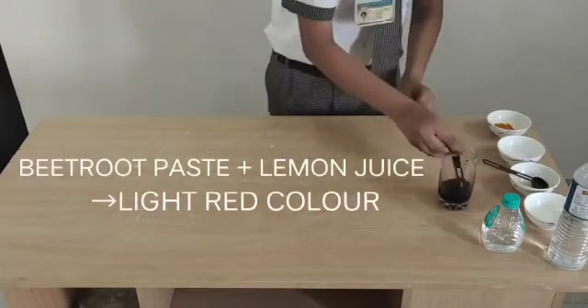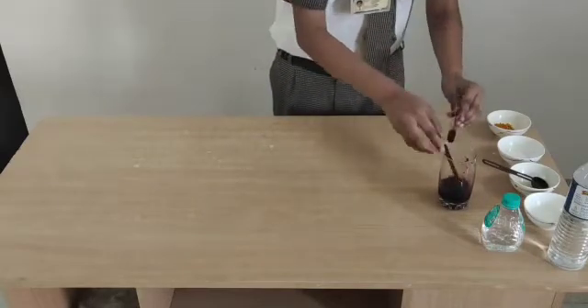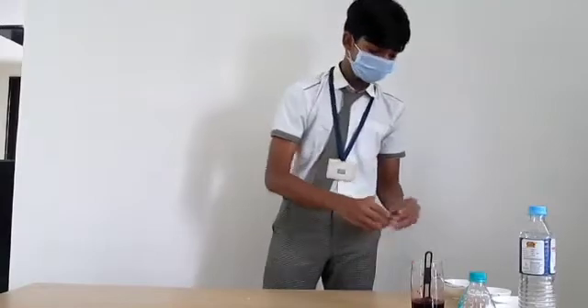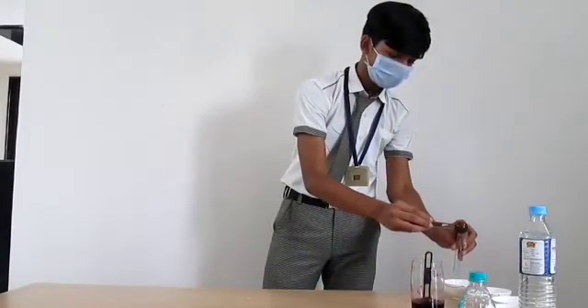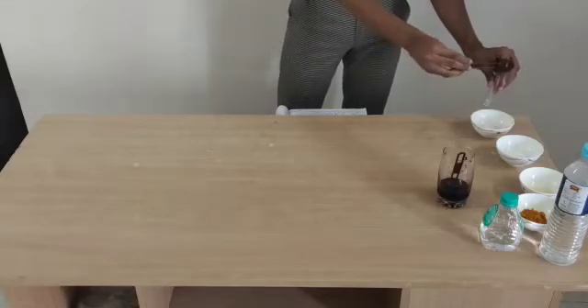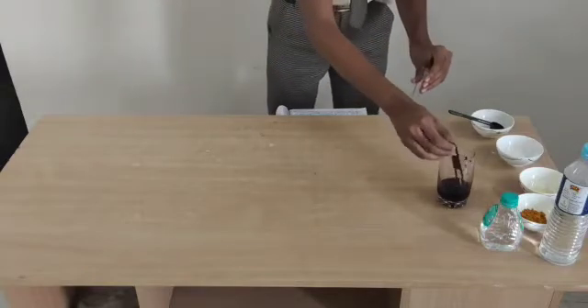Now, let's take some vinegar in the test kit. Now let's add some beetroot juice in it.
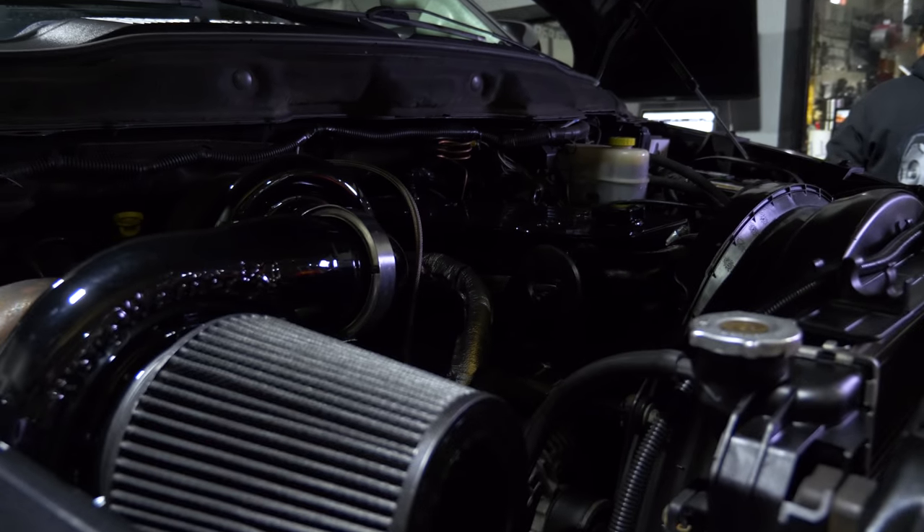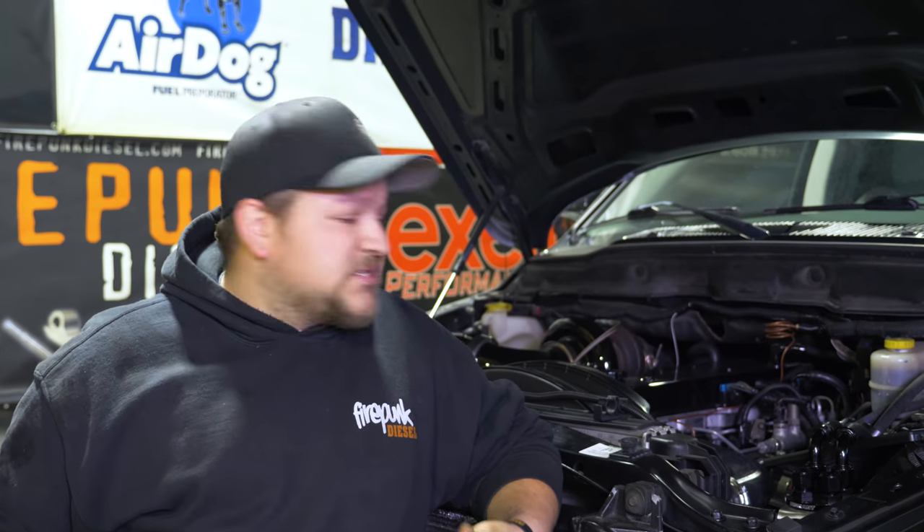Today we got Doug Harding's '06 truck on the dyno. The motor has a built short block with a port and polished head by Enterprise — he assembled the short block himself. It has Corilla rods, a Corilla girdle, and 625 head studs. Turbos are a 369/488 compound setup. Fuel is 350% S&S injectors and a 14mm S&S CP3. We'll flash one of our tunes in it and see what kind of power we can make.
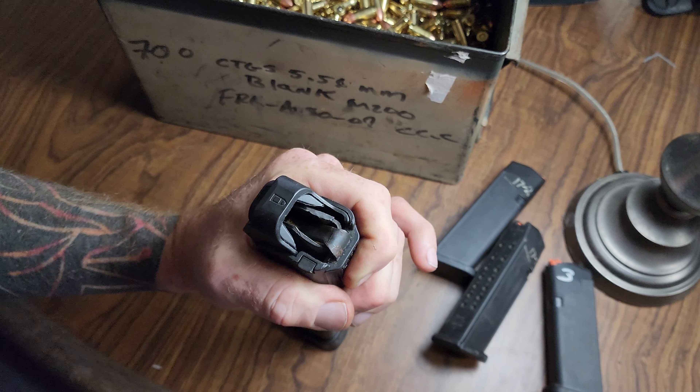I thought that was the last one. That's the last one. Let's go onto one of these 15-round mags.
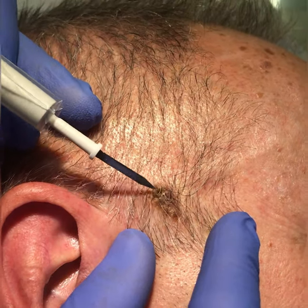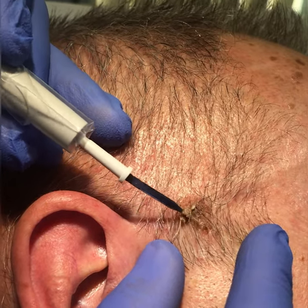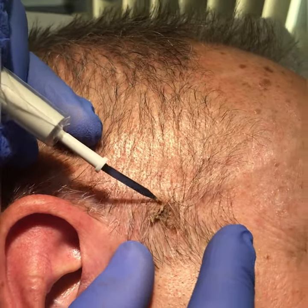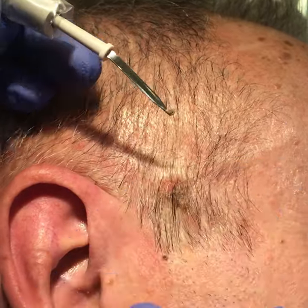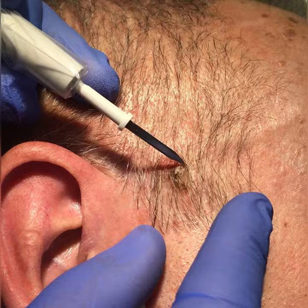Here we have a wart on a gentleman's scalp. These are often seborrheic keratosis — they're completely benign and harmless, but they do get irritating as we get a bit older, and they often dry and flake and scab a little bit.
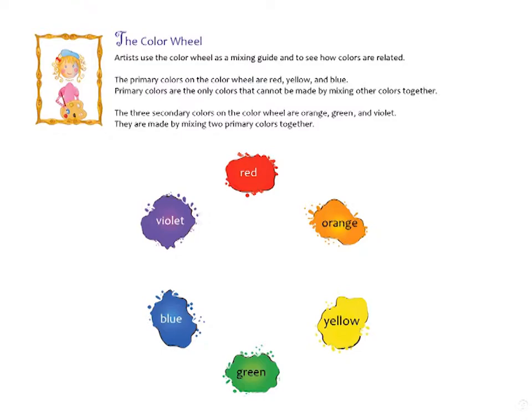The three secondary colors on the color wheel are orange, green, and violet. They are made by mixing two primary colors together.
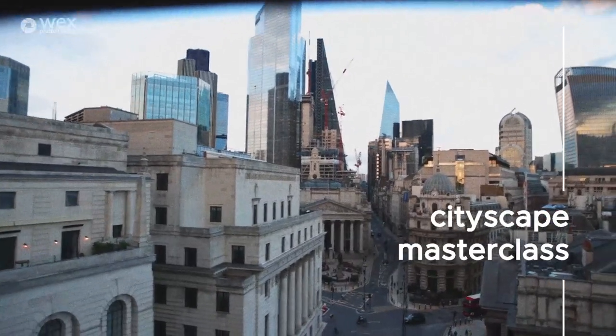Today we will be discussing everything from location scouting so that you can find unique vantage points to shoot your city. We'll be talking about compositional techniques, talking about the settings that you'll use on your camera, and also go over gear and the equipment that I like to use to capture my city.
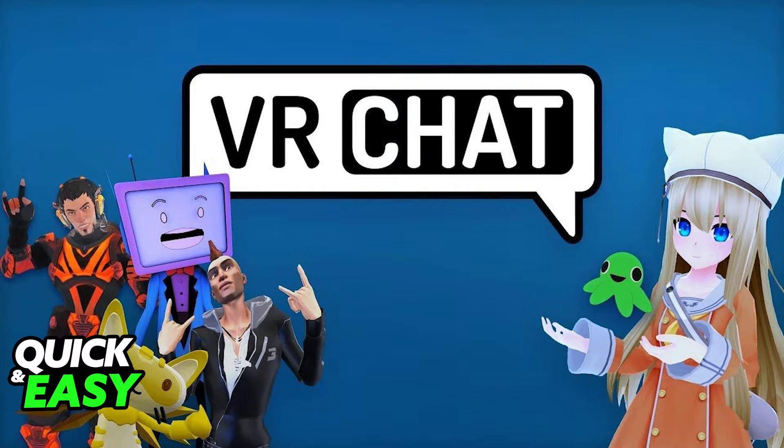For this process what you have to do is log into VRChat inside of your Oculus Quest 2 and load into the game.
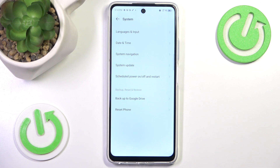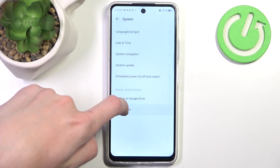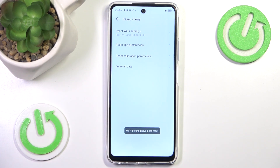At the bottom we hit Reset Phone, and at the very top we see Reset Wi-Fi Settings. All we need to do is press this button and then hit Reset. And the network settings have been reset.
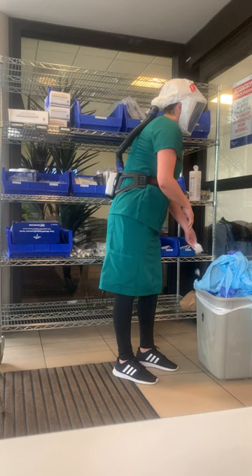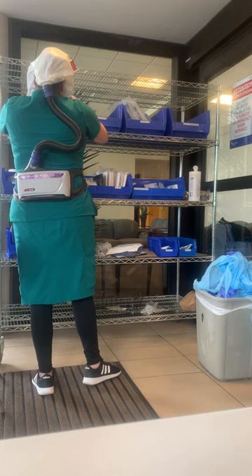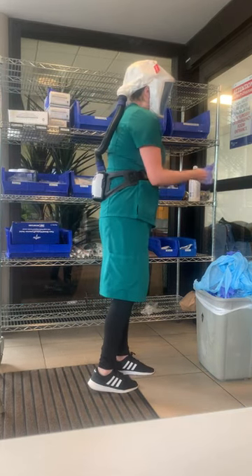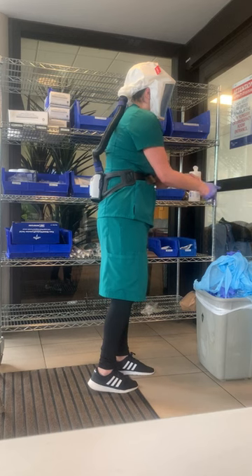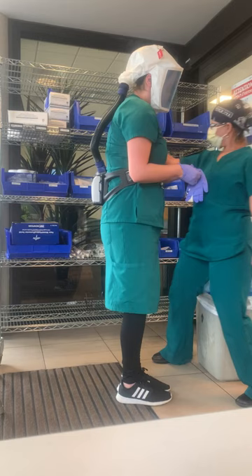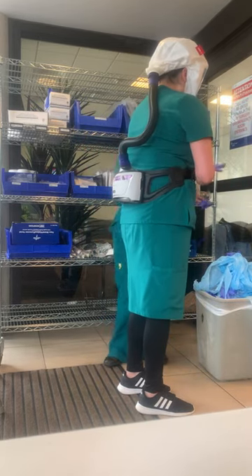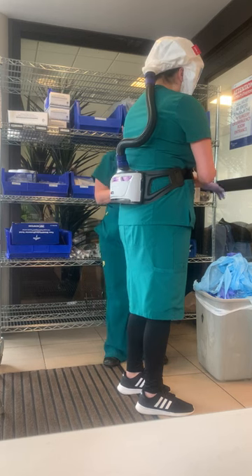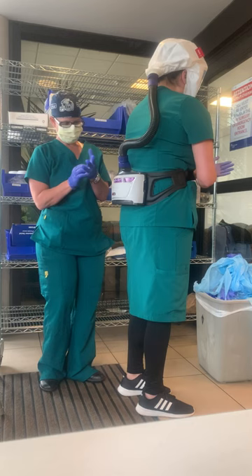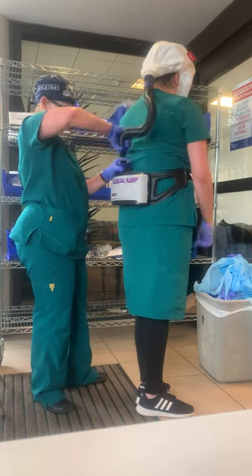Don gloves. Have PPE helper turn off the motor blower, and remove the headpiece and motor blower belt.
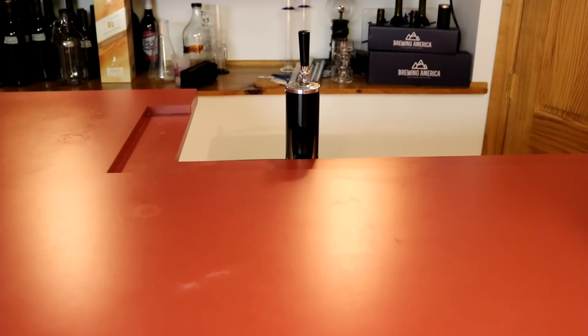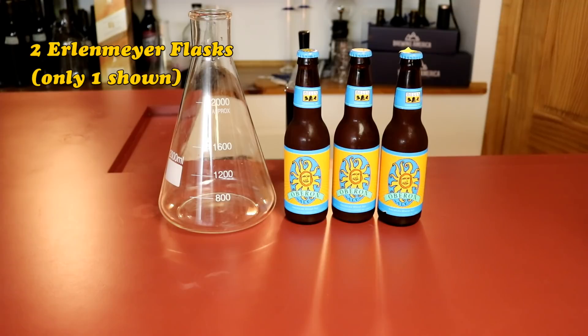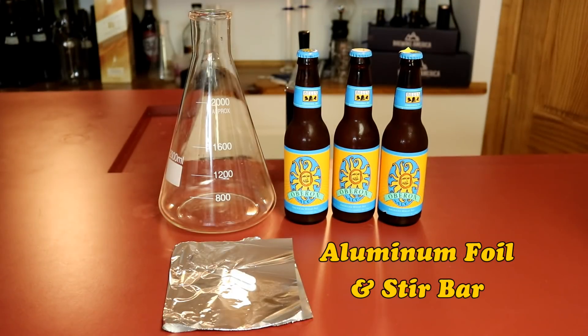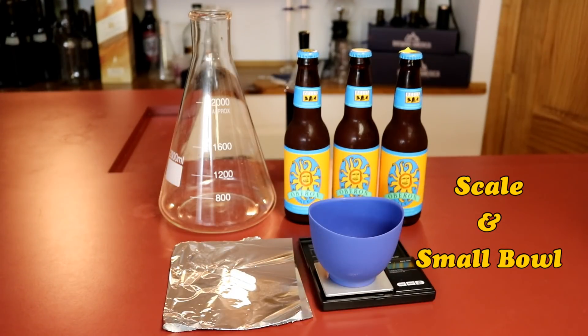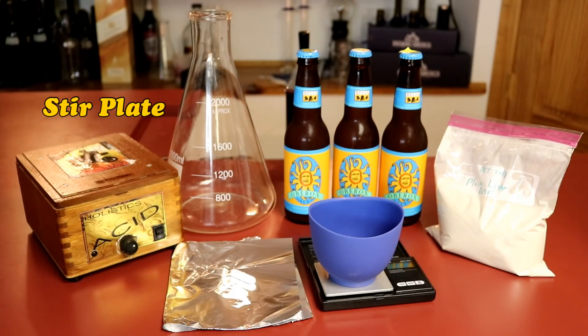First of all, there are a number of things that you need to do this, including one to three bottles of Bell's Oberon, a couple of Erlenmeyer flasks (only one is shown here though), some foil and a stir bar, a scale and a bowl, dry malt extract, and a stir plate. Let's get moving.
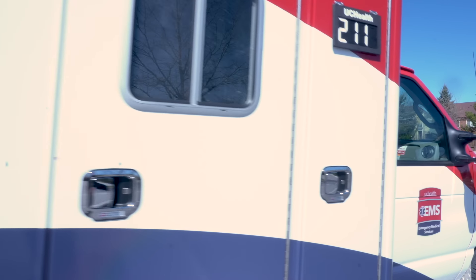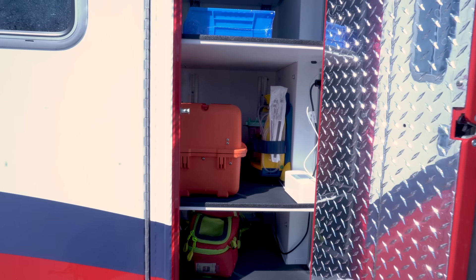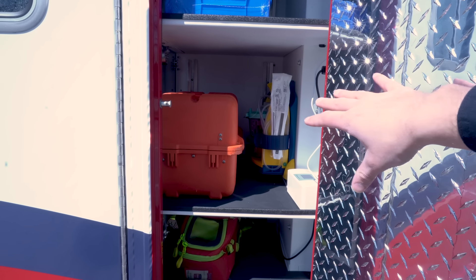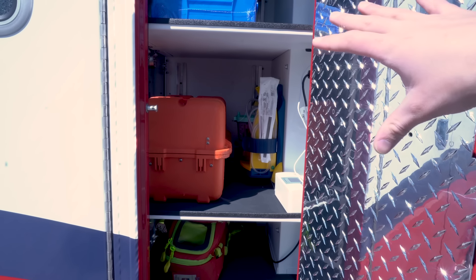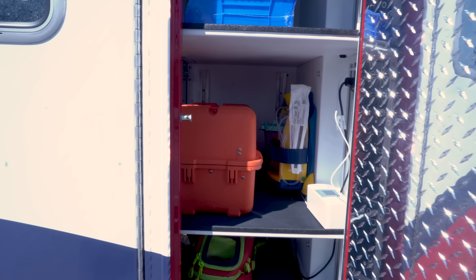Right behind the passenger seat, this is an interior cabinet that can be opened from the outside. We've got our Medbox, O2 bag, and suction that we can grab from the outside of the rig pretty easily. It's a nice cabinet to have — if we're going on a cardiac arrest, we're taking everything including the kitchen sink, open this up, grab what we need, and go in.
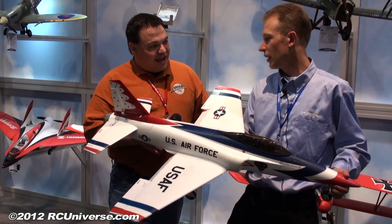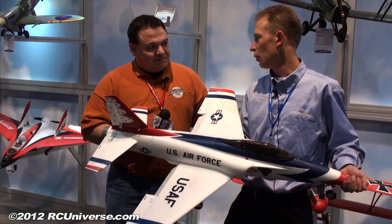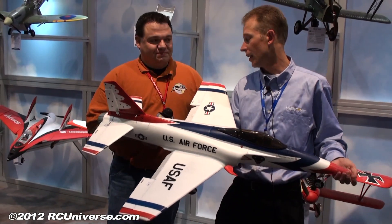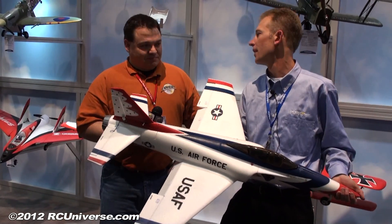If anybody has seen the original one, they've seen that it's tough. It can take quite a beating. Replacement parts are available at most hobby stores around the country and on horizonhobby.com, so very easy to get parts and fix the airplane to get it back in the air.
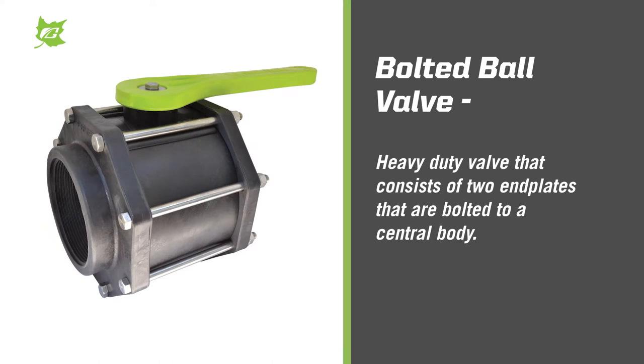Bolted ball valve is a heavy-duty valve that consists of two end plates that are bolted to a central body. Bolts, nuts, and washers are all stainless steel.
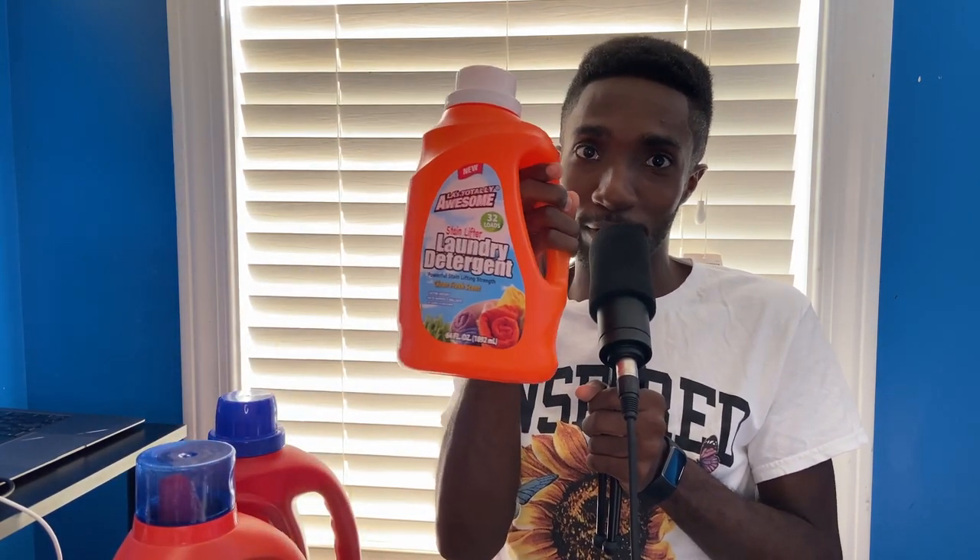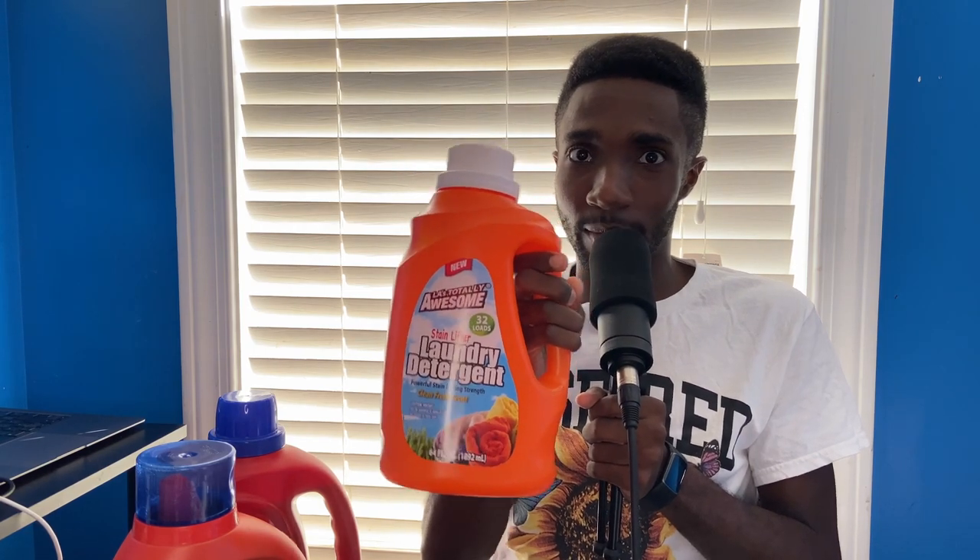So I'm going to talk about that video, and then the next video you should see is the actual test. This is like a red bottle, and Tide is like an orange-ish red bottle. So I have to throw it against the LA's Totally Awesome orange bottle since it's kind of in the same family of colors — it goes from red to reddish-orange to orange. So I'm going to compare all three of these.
◇ ◇ ◇ ◇ ◇
## What is needed
Make an exact copy of the records from their first line through the line containing "The three secondary", both ends included, with the pictures omitted.

## Answer to this problem
Now, let's take some vinegar in the test kit. Now let's add some beetroot juice in it.
Today we got Doug Harding's '06 truck on the dyno. The motor has a built short block with a port and polished head by Enterprise — he assembled the short block himself. It has Corilla rods, a Corilla girdle, and 625 head studs. Turbos are a 369/488 compound setup. Fuel is 350% S&S injectors and a 14mm S&S CP3. We'll flash one of our tunes in it and see what kind of power we can make.
I thought that was the last one. That's the last one. Let's go onto one of these 15-round mags.
Here we have a wart on a gentleman's scalp. These are often seborrheic keratosis — they're completely benign and harmless, but they do get irritating as we get a bit older, and they often dry and flake and scab a little bit.
The three secondary colors on the color wheel are orange, green, and violet. They are made by mixing two primary colors together.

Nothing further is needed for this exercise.